CERTIFICATE OF SUBSTANTIAL COMPLETION
REFERENCE for all purposes is hereby made to that certain Lease/Installment
Purchase Agreement ("Agreement") for two (2) 18-mile Pipelines dated
____________ _____, 1998, between PENN OCTANE CORPORATION ("POC") and CPSC
INTERNATIONAL ("CPSC"). Capitalized terms which are defined in the Agreement
are used in this Certificate with the same meaning.
Pursuant to the terms of Section 3.6. of the Agreement, POC and CPSC agree,
certify, and acknowledge as follows:
(1) Substantial Completion date occurred on, ____, 199.
(2) The Lease Effective Date is, 199__.
(3) The Pipelines and the Facilities are leased to POC under the terms
of the Agreement effective as of the Lease Effective Date.

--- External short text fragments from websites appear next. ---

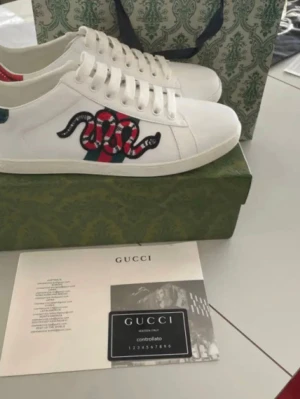 Gucci Ace - Nu säljer jag ett par fräscha Gucci Ace, skön comfort Box, kort, bag samt allt og medföljer självklart!                             - Storlek 43 pris sitter inte i sten, tveka inte att höra av dig. 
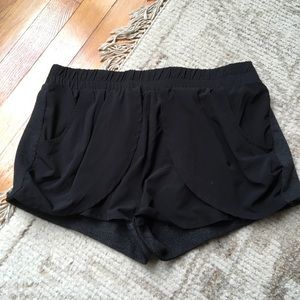 🦋3/$20🦋 Fabletics athletic shorts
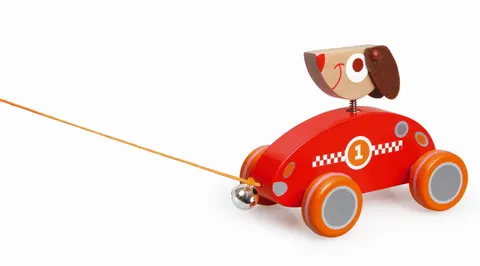 Piesek drewniany Cezar w autku do ciągnięcia scratch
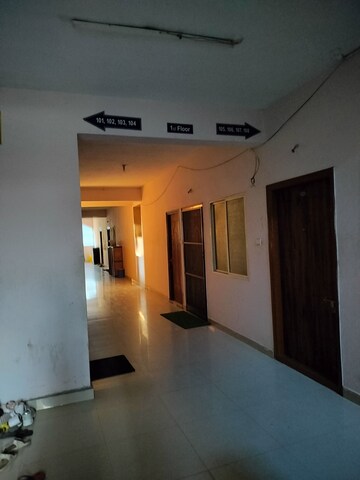 Room in 3 BHK Apartment at Paramount Jewel Apartments, Tolichowki – for Sale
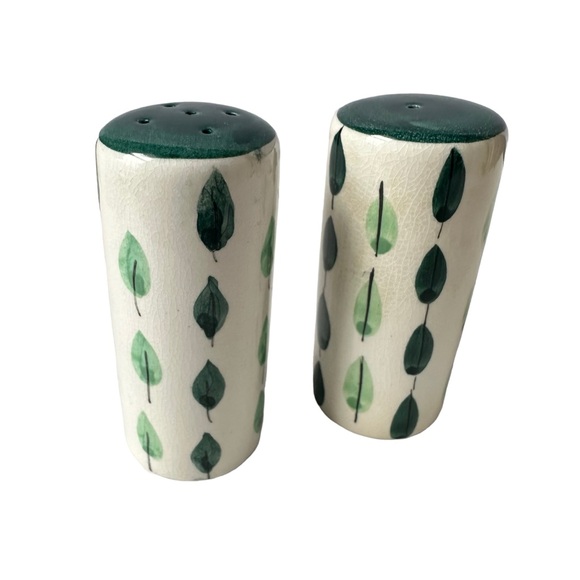 Vintage Portuguese Salt & Pepper Shakers - Picture 3 of 8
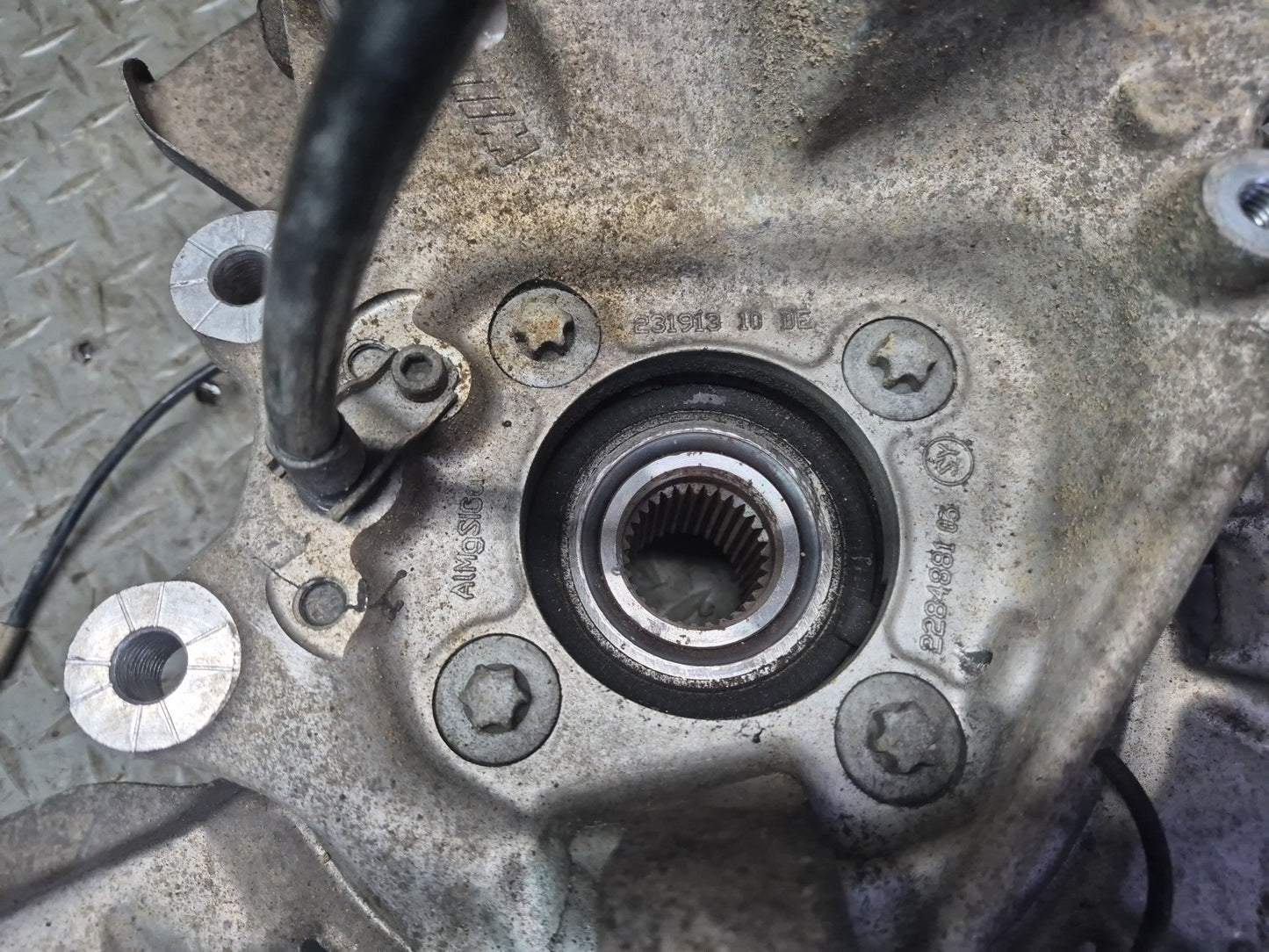 2015-2020 BMW F82 F83 M4 RWD Rear Left Spindle Knuckle Wheel Hub Bearing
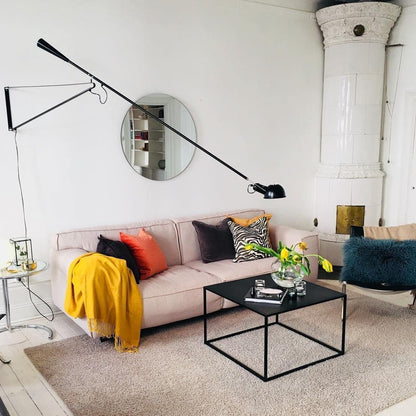 Versatile Wall-Mounted Lamp with Flexible Arm and Weight Balance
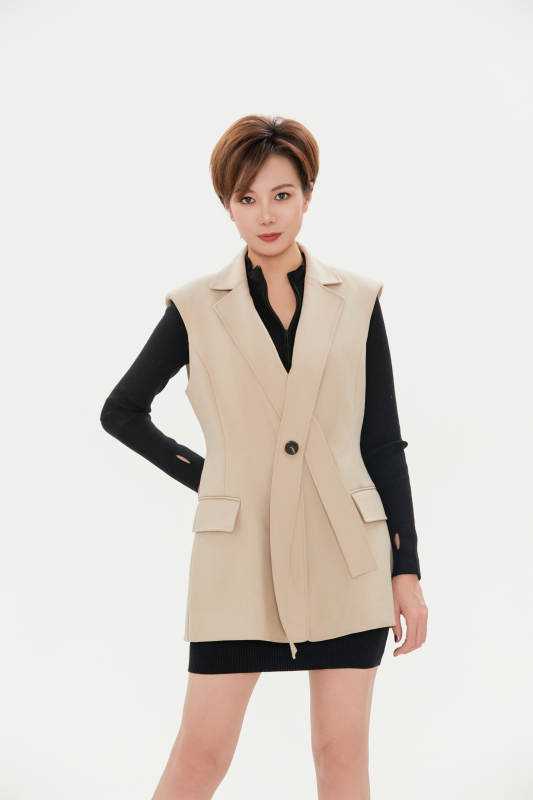 白色背景下的职场职业女性形象图片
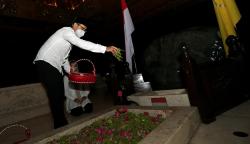 Menteri Nadiem Makarim Ziarah ke Makam Presiden Soekarno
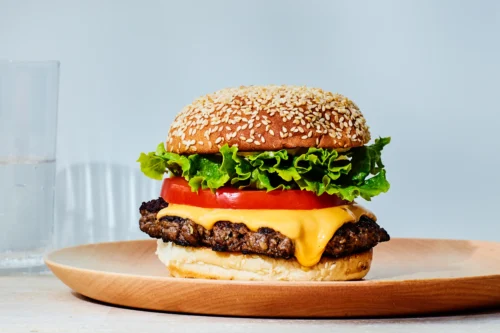 Quelle est la bonne orthographe de la phrase : Je souhaite manger un burger, ____ au restaurant, je te laisse choisir. ? 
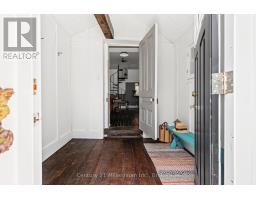 424043 CONCESSION 6 - 9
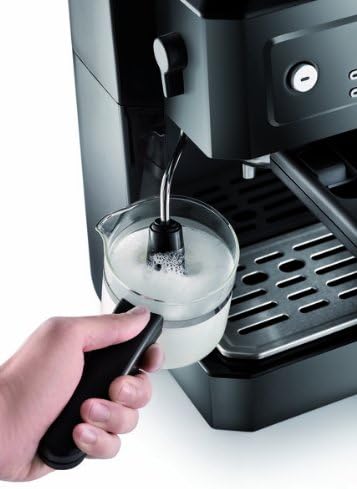 Frothing milk with the De'Longhi BCO320T steam wand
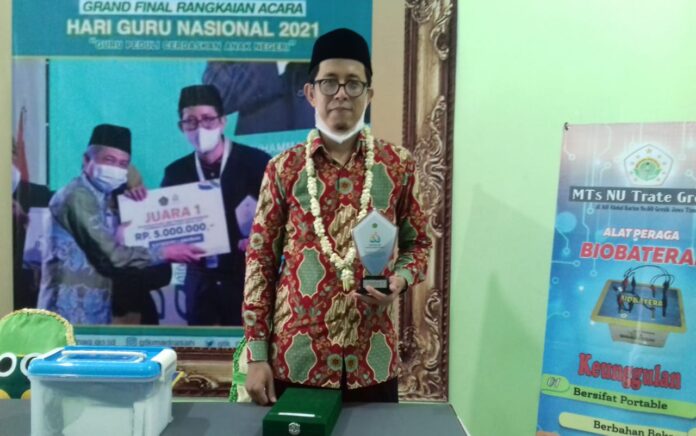 Bikin Alat Peraga Biobaterai, Guru MTs NU Trate Gresik Raih Juara 1 Nasional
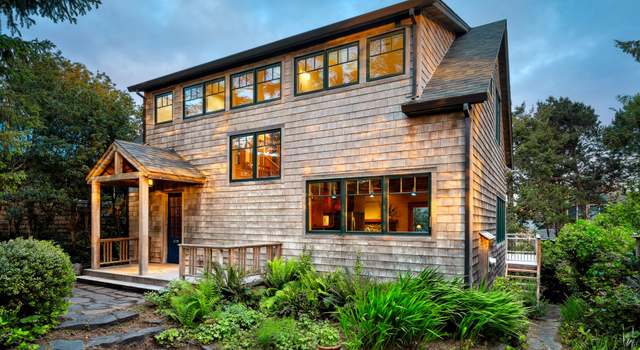 Photo of 82 Portland Ave, Manzanita, OR 97130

(4) The Lease Term commenced on the Lease Effective Date and will end
on _________, 20___ , unless and until the option to purchase provided for in
Article V is exercised, in which case the Lease Term shall end at the end of the
Lease Year for which POC exercises its option (i.e., the 10th, or 15th Lease
Year, as applicable).
(5) The Operating Agreement became effective on the Lease Effective Date.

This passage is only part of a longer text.